You have 3 final models,
- The final regression model from Problem 7
- The best regression tree model from Problem 9
- The final model from Problem 10
Use a justifiable method to determine which model is the best model out of those three. 

### Problem 12. Prediction for a new house.

Suppose you are given a new dataset `energy_new.csv` containing one new house.

- Read in that file and apply the same preprocessing as your training data:
- Using your linear regression model from Problem 10, compute:
  - The predicted **mean** `monthly_energy_kwh` for this house.
  - A 95% confidence interval for the mean prediction.
  - A 95% prediction interval for a single new observation.

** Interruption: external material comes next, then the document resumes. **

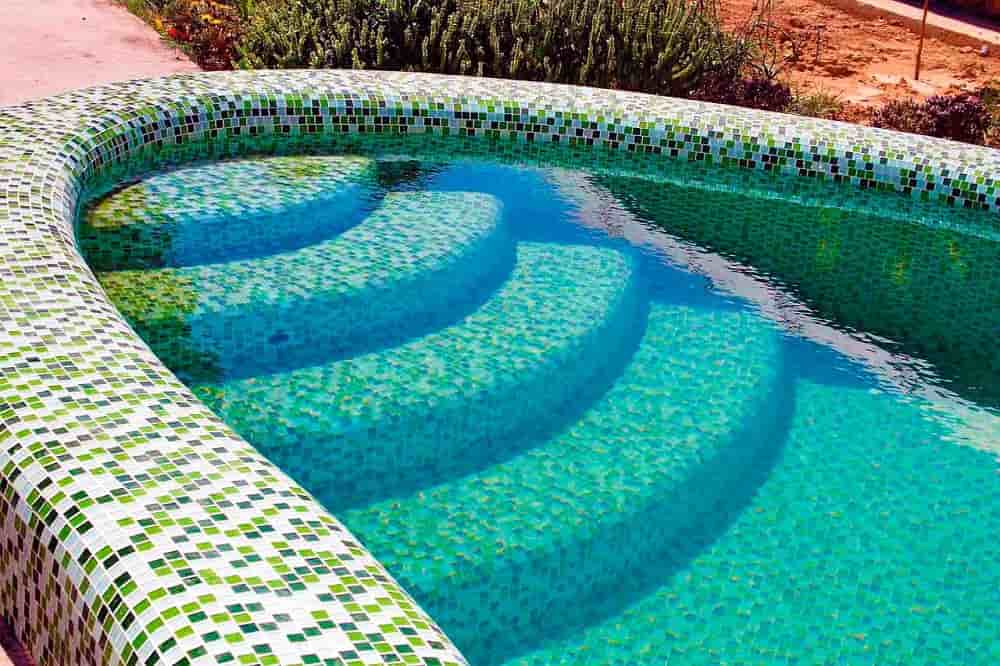 کاشی استخری سبز؛ مینیاتوری صاف برجسته عدم جذب آب ثبات رنگ tile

The data set can be found at "https://github.com/drbob-richardson/stat220/raw/main/data/energy_new.csv"

### Problem 13

Use the best regression tree model from Problem 9. Find a 95% bootstrap confidence interval for the new home in `energy_new.csv`.

### Problem 14. 

- Start with the original data frame. 
- Use only the variables for house size and insulation quality as predictors. 
- Fit a Bayesian linear regression model to predict eergy usage using only those two variables. 

### Problem 15

Using the model fit in Problem 14, find the probability that the coefficient associated with higher quality insulation is positive.